→ DATA EXCERPT
▽
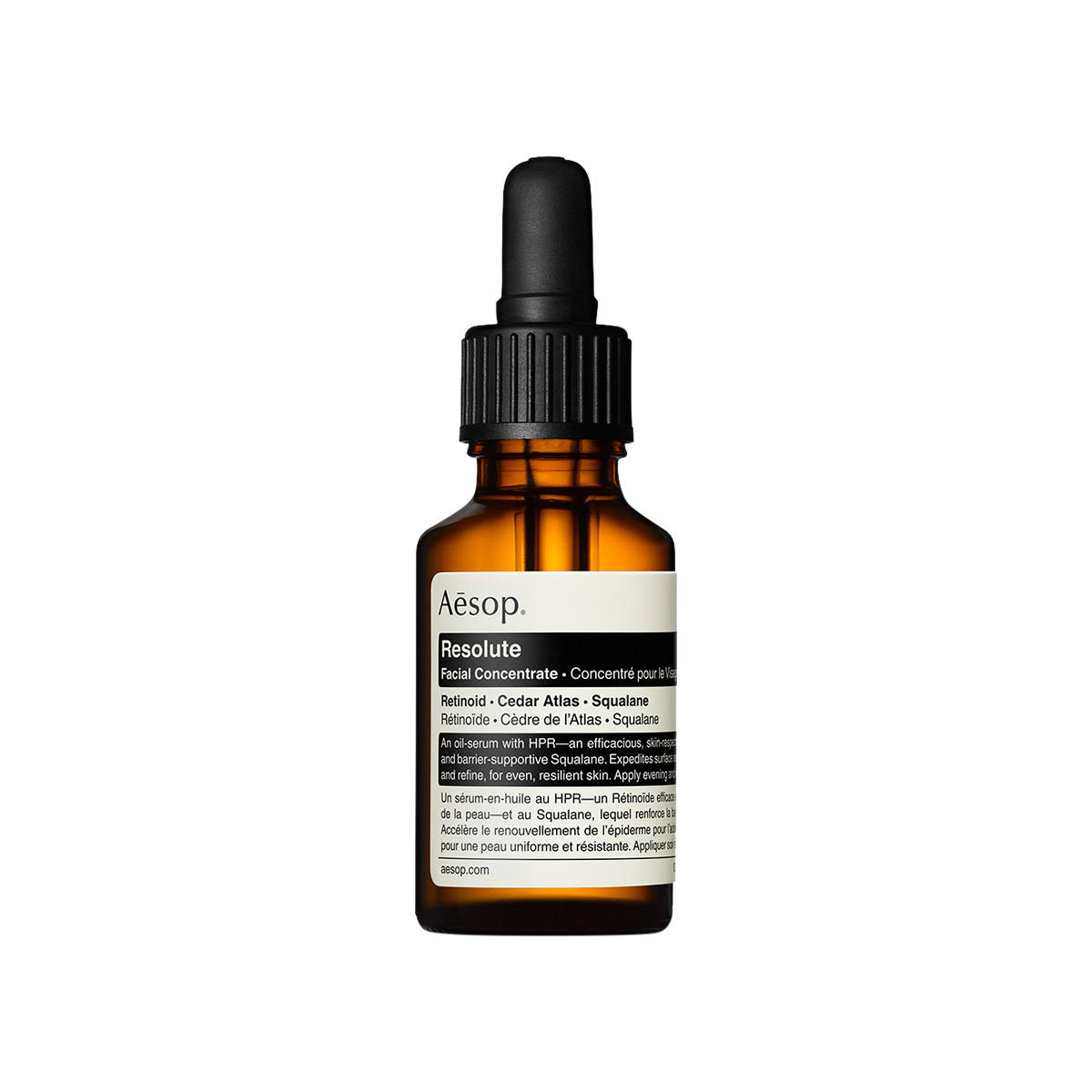 Aesop - Resolute Facial Concentrate​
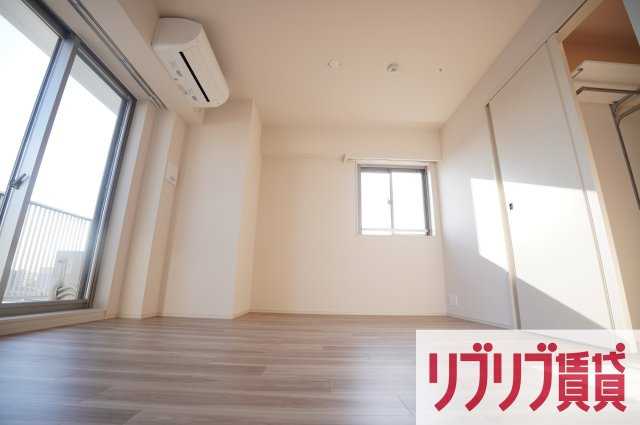 プライムメゾン千葉新町の寝室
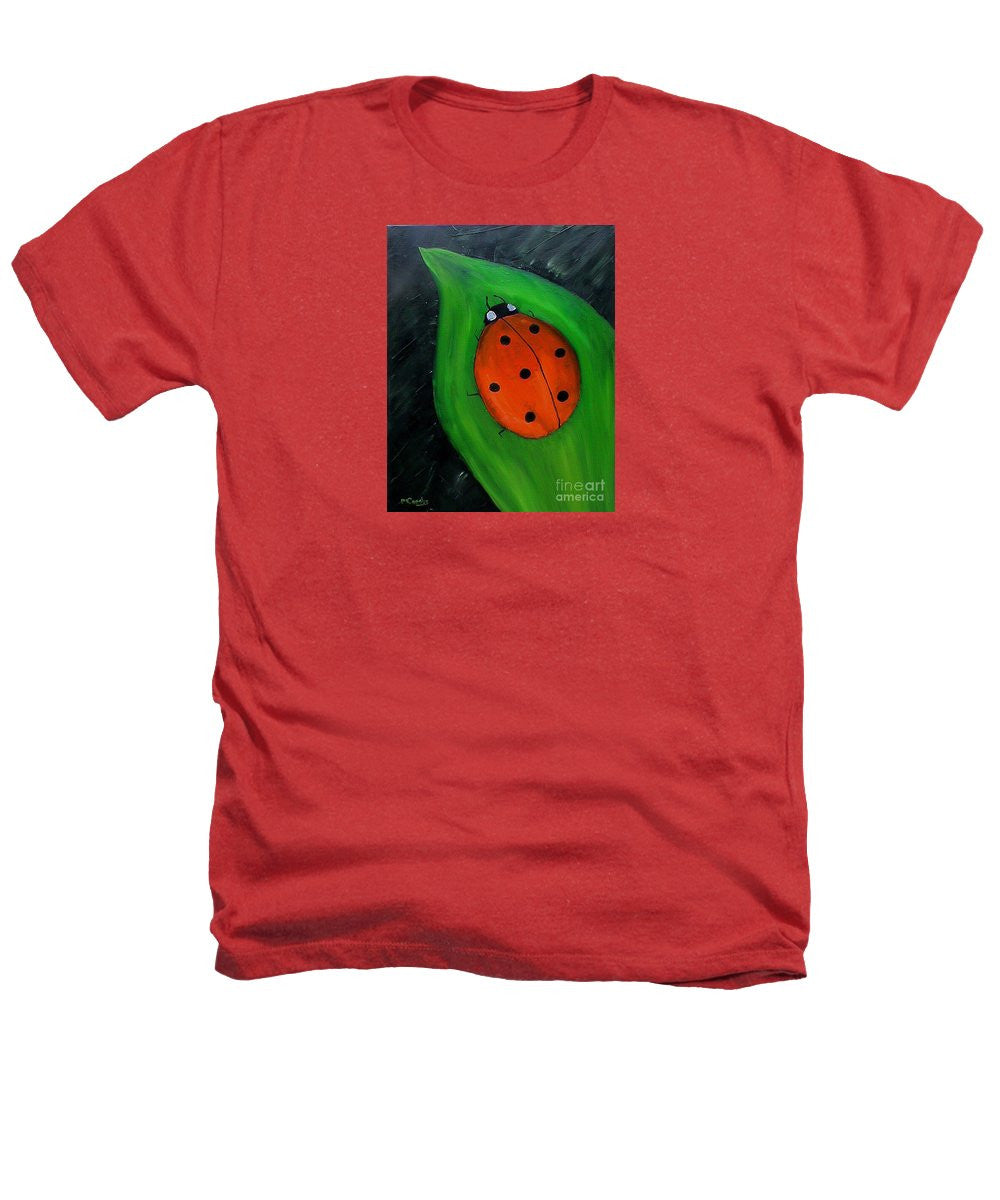 Hey Lady - Heathers T-Shirt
△
→ EXERCISE DIRECTIONS
Would you return all of the data above word for word, omitting every picture?

→ EXERCISE ANSWER
 Aesop - Resolute Facial Concentrate​
 プライムメゾン千葉新町の寝室
 Hey Lady - Heathers T-Shirt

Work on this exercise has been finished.